Holoch and Tracy investigated the self-reported history of nephrolithiasis and use of antioxidants in the NHANES III. After adjusting for covariates, mean levels of alpha-carotene, beta-carotene, and beta-cryptoxanthin (known antioxidants) were significantly lower in those with kidney stones (–9.36%, –10.79%, and –8.48%, respectively). When analyzed by quartile, higher serum levels of beta-carotene and beta-cryptoxanthin trended toward a decreasing prevalence of stones (P=0.007 and P=0.03, respectively), indicating that the highest levels of these antioxidants may protect against stone formation (83).
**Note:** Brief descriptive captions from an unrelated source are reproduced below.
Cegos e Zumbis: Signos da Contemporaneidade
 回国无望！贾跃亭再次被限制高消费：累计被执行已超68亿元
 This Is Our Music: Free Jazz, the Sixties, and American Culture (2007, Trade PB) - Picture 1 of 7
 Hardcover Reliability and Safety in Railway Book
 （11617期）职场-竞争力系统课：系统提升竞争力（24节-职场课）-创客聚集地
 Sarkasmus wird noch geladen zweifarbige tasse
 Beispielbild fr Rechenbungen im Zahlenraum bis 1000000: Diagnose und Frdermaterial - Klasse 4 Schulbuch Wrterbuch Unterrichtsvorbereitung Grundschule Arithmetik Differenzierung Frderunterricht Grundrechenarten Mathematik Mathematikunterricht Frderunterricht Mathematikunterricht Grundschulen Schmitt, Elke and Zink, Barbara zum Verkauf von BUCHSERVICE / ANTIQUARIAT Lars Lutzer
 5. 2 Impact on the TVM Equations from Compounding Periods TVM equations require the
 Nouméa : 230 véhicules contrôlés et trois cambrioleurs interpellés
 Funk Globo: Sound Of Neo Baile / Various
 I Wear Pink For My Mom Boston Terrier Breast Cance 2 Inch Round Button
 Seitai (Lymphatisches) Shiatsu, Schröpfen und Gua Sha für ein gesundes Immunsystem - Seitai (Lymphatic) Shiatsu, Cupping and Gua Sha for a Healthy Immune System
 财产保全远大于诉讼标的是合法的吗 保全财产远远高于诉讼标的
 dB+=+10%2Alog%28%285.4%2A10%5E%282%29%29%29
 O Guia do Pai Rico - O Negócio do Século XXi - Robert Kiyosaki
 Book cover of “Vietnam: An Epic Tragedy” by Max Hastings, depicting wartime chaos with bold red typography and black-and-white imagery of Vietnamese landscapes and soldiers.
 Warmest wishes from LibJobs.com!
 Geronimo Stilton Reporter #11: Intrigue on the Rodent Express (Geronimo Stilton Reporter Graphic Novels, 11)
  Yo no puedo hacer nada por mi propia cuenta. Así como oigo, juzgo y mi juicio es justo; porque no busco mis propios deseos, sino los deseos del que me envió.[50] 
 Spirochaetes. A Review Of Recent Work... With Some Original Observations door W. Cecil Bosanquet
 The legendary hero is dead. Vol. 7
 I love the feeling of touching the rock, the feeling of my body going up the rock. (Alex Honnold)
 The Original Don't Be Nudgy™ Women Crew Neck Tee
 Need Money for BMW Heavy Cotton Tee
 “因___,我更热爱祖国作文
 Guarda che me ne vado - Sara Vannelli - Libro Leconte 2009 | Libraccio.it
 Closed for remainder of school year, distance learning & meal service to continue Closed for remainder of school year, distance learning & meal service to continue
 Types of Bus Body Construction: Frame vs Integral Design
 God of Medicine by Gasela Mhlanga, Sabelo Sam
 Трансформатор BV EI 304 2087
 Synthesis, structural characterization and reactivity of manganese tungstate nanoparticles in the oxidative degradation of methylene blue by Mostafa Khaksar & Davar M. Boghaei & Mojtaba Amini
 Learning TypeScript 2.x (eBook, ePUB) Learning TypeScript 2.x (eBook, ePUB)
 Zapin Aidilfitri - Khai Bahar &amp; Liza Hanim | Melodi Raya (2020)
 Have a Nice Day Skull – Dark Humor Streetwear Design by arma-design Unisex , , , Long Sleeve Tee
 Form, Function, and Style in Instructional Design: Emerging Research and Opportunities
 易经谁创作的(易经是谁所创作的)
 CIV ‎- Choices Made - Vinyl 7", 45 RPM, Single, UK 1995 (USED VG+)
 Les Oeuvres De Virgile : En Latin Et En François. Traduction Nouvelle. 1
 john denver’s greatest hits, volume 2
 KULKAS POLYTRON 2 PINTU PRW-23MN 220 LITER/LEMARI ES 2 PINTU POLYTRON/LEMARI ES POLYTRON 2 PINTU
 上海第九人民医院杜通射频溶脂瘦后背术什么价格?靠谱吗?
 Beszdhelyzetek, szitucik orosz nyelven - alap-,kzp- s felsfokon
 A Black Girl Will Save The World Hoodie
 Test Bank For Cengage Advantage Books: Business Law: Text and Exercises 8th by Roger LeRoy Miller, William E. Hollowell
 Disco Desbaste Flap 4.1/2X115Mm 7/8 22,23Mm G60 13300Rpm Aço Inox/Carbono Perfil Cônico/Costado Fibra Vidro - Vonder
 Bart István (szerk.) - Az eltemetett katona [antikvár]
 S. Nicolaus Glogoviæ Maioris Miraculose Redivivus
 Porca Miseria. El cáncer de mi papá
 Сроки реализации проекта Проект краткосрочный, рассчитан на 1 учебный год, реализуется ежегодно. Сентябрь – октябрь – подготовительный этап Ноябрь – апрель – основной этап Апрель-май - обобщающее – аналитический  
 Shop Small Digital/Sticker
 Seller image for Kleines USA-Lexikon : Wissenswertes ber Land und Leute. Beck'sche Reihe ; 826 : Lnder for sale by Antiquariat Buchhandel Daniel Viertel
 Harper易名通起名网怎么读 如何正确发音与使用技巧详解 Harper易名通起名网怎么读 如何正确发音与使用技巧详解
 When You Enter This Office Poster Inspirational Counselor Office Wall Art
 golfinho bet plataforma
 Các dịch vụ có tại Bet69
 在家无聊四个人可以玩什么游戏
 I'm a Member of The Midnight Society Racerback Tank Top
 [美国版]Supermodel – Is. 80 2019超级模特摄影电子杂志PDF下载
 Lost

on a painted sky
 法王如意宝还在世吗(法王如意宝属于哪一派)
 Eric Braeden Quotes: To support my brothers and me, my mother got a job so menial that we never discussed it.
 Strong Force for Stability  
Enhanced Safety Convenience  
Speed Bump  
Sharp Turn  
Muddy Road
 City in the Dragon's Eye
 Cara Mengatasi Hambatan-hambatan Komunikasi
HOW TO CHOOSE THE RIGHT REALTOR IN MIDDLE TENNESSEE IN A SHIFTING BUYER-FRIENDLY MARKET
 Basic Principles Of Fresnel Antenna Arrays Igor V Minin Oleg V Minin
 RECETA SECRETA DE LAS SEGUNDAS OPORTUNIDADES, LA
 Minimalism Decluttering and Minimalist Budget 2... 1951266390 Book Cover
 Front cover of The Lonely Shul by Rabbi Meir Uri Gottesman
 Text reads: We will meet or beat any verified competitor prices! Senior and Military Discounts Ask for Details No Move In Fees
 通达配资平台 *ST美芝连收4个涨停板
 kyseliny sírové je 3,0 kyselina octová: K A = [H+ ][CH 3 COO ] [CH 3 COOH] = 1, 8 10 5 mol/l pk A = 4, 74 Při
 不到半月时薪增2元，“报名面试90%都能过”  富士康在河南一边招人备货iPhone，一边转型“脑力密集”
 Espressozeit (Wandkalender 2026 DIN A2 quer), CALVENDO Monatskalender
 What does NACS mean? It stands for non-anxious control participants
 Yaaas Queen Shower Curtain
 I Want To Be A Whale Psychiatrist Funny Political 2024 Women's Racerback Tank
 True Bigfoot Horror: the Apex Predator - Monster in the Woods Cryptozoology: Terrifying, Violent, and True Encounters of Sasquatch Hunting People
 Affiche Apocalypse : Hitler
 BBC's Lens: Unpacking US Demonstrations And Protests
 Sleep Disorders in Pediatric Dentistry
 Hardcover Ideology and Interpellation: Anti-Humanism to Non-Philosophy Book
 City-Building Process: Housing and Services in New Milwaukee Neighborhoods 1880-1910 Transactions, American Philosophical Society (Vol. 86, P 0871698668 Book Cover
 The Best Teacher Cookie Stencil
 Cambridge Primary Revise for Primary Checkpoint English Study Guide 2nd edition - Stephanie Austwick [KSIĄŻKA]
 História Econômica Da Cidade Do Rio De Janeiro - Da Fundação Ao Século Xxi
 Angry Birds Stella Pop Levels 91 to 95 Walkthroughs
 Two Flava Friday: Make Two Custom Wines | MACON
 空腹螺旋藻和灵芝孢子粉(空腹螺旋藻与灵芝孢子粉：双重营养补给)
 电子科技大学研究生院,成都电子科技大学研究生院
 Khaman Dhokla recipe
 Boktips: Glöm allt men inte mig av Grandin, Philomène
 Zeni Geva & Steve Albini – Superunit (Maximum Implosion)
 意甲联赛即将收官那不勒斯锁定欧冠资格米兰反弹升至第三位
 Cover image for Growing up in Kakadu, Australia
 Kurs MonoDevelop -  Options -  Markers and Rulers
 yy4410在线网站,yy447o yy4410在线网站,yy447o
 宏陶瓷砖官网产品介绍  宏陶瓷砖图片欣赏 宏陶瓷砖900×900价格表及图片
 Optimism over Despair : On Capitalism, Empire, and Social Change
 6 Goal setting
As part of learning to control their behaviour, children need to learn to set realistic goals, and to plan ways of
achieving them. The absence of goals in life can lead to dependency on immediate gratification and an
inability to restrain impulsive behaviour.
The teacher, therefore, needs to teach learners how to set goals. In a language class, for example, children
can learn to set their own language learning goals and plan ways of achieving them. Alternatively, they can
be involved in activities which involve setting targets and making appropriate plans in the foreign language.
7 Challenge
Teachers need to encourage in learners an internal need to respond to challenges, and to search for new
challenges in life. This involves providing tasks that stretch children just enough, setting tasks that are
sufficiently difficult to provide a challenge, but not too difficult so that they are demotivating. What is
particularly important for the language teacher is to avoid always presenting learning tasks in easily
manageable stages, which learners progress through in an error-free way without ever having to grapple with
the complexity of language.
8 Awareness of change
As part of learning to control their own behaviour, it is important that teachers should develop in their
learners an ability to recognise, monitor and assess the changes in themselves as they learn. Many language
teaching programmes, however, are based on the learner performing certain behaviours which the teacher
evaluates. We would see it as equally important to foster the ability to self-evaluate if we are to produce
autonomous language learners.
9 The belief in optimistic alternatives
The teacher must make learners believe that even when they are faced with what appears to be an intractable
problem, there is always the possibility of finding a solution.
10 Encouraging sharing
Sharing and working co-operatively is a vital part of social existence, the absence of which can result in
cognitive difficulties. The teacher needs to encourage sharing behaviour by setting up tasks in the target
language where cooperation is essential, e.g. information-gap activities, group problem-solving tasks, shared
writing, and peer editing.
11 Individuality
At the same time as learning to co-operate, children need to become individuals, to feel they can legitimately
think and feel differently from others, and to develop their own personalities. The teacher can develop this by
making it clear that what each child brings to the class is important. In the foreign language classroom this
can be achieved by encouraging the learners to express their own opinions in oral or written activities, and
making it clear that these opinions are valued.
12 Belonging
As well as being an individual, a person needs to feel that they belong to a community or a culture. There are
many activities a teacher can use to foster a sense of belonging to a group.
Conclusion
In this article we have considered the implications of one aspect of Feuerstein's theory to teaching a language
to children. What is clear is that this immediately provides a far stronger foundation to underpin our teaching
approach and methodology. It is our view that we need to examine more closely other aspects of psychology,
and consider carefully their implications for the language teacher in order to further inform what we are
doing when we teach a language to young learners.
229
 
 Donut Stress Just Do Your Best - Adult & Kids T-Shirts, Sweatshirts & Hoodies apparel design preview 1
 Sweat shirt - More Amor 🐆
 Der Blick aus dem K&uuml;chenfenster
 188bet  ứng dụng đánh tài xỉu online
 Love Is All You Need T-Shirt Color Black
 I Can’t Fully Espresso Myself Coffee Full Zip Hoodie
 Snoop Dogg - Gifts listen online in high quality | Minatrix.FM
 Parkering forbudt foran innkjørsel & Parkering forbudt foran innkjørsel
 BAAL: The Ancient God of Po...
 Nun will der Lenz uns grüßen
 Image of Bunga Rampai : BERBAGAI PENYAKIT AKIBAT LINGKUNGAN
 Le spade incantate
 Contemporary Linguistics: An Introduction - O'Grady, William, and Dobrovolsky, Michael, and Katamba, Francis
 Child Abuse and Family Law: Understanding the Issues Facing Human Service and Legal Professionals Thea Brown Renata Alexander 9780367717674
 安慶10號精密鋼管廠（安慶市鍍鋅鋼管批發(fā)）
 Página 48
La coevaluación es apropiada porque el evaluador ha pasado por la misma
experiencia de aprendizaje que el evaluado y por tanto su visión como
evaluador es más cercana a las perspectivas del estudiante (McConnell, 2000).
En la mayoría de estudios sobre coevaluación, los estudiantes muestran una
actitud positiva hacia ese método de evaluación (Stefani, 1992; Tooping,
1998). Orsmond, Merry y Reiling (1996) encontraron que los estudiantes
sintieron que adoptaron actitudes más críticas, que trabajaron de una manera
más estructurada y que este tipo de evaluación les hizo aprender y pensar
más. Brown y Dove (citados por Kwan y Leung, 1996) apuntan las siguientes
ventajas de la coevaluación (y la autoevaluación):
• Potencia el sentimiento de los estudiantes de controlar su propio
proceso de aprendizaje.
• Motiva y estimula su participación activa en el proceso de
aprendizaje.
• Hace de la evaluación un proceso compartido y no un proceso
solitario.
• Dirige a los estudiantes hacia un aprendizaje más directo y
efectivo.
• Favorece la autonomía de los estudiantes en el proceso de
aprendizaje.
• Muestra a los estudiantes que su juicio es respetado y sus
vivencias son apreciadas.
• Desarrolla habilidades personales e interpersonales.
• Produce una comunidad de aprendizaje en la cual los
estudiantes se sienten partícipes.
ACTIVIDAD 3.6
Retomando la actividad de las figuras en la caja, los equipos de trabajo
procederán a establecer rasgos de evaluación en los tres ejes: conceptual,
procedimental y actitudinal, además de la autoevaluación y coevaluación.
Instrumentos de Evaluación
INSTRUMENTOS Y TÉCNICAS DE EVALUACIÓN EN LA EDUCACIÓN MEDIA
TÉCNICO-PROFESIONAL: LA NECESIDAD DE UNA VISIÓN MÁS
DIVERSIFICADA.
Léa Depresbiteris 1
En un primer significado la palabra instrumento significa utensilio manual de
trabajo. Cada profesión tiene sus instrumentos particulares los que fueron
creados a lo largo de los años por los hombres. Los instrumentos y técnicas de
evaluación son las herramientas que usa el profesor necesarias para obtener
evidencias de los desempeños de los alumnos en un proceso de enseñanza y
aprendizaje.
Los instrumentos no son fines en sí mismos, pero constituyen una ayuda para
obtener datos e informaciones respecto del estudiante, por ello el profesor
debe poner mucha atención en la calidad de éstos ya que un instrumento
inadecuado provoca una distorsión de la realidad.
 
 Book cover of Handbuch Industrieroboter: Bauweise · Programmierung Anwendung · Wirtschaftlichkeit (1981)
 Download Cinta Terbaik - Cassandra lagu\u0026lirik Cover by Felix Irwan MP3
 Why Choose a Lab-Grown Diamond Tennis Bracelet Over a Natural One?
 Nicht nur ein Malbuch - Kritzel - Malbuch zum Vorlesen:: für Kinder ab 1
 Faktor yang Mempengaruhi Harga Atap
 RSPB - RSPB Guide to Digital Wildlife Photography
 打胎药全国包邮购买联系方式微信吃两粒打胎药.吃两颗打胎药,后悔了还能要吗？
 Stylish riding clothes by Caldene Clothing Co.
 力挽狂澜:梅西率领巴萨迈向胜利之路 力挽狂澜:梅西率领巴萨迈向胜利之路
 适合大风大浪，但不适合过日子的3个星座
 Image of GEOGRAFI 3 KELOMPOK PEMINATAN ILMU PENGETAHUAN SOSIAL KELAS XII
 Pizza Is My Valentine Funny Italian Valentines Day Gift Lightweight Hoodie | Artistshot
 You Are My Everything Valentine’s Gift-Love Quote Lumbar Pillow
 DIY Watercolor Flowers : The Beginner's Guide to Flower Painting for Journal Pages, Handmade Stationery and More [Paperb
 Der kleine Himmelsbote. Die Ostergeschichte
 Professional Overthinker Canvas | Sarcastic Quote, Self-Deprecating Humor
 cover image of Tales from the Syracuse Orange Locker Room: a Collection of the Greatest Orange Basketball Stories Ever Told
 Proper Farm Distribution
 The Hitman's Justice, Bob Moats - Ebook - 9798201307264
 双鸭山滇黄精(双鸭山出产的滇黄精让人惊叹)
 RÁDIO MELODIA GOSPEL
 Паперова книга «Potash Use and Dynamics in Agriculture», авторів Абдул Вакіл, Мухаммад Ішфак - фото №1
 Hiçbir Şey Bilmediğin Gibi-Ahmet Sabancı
Using a rat model, Tsujihata et al. found that urinary levels of biomarkers for renal tubular cell injury, NAG and OS (8-hydroxy-2' deoxyguanosine) were decreased significantly by atorvastatin treatment. Furthermore, atorvastatin treatment decreased the apoptosis of renal tubular cells. They found that the administration of atorvastatin to stone forming rats significantly lowered crystalline deposits on quantitative light microscopy analysis of kidney specimens. The investigators hypothesized that anti-inflammatory and anti-oxidative effects of the drug were responsible, through preventing renal tubular cell injury from oxalate and subsequently inhibiting renal crystal retention and stone formation (84,85). These results provide more support that a pro-inflammatory state may be an important mediator of stone formation. Given the association between CV disease, MS and chronic inflammation, the use of antioxidants, especially statins, which have proven benefit in reducing CV morbidity and mortality in patients with MS, must be further studied to assess their efficacy in preventing nephrolithiasis in this high-risk group.

Conclusions

Increasing evidence suggests that synergistic effects of the components of MS lead to an increased risk of kidney stone disease. Therefore, the pathophysiology explaining increased stone risk related to MS likely goes beyond simple cumulative effects on urine chemistry by the individual traits of the syndrome, indicating complex and dynamic shared systemic influences likely at play. One unifying theory such as common systemic malfunction of inflammation and tissue damage as an underlying mechanism is a possibility, but it is unlikely to be the only mechanistic explanation. Further research is needed to investigate this and other hypotheses that go beyond population based and urine physiochemical studies in order to elucidate the mechanisms behind the individual disease states themselves.